Yani: Bu suretler, şarap içmeye yarayan bir kadeh gibidir. Sen şarap dururken kadehle çok sarhoş olma. Mana şarabı dururken suret kadehine aldanırsan bir nevi put yontucu ve puta tapıcı olursun. O halde bu suret kadehlerinde durmadan geç. Şarap kadeh içindedir ama şarap başka kadeh başka! Sen ağzını şarap sunandan yana aç. Önemli olan şaraba erişmen, yoksa kadehten bol ne var!



Şehzadeler Âşık Oluyor
:

Kaleye gelen üç şehzade orada güzellikte emsalsiz olan Çin padişahının kızına ait bir resim görünce akılları başlarından gitti ve acınacak bir hale düştüler. Bir yandan düştükleri halden dolayı hayıflanıyor ve:

- Yazıklar olsun bize, bizim şimdi gördüğümüzü padişah önceden görmüş ve bizi uyarmıştı. O nasihatı niçin tutmadık, diyorlardı. Peygamberlerle ümmetin hali de böyledir. Din rehberleri akıbetimizi bilip başımıza gelecekleri önceden haber verirler. Ama bu nasihat ancak pek az kulağa girer.

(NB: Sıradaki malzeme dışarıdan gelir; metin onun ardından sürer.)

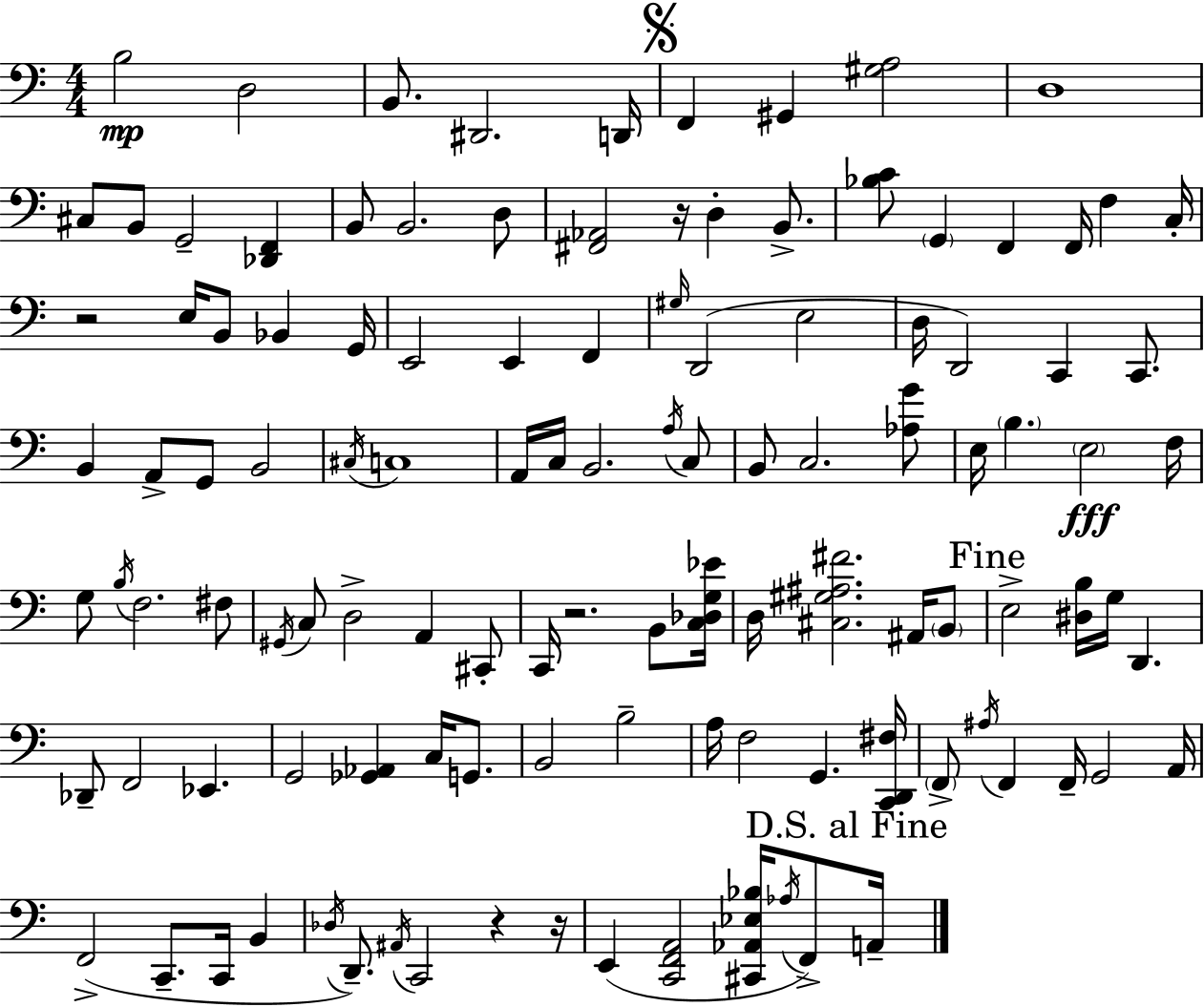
B3/h D3/h B2/e. D#2/h. D2/s F2/q G#2/q [G#3,A3]/h D3/w C#3/e B2/e G2/h [Db2,F2]/q B2/e B2/h. D3/e [F#2,Ab2]/h R/s D3/q B2/e. [Bb3,C4]/e G2/q F2/q F2/s F3/q C3/s R/h E3/s B2/e Bb2/q G2/s E2/h E2/q F2/q G#3/s D2/h E3/h D3/s D2/h C2/q C2/e. B2/q A2/e G2/e B2/h C#3/s C3/w A2/s C3/s B2/h. A3/s C3/e B2/e C3/h. [Ab3,G4]/e E3/s B3/q. E3/h F3/s G3/e B3/s F3/h. F#3/e G#2/s C3/e D3/h A2/q C#2/e C2/s R/h. B2/e [C3,Db3,G3,Eb4]/s D3/s [C#3,G#3,A#3,F#4]/h. A#2/s B2/e E3/h [D#3,B3]/s G3/s D2/q. Db2/e F2/h Eb2/q. G2/h [Gb2,Ab2]/q C3/s G2/e. B2/h B3/h A3/s F3/h G2/q. [C2,D2,F#3]/s F2/e A#3/s F2/q F2/s G2/h A2/s F2/h C2/e. C2/s B2/q Db3/s D2/e. A#2/s C2/h R/q R/s E2/q [C2,F2,A2]/h [C#2,Ab2,Eb3,Bb3]/s Ab3/s F2/e A2/s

Beride yanık şehzadeler resmin kime ait olduğunu araştırmaya başladılar. Nihayet bir pir onlara şu bilgiyi verdi:

- Gördüğünüz resim Çin kralının kızına aittir. Babası onu kimsenin göremeyeceği bir sarayda gizlemiştir; öyle ki onun damına ne bir kuş konabilir, ne de kimse adını anabilir. Böyle bir sevdaya düşenin vay haline! Hiçbir insan o sevgiliye kendi gücü ve tedbiriyle ulaşamaz, ancak ölü gibi takdire teslim olursa o başka!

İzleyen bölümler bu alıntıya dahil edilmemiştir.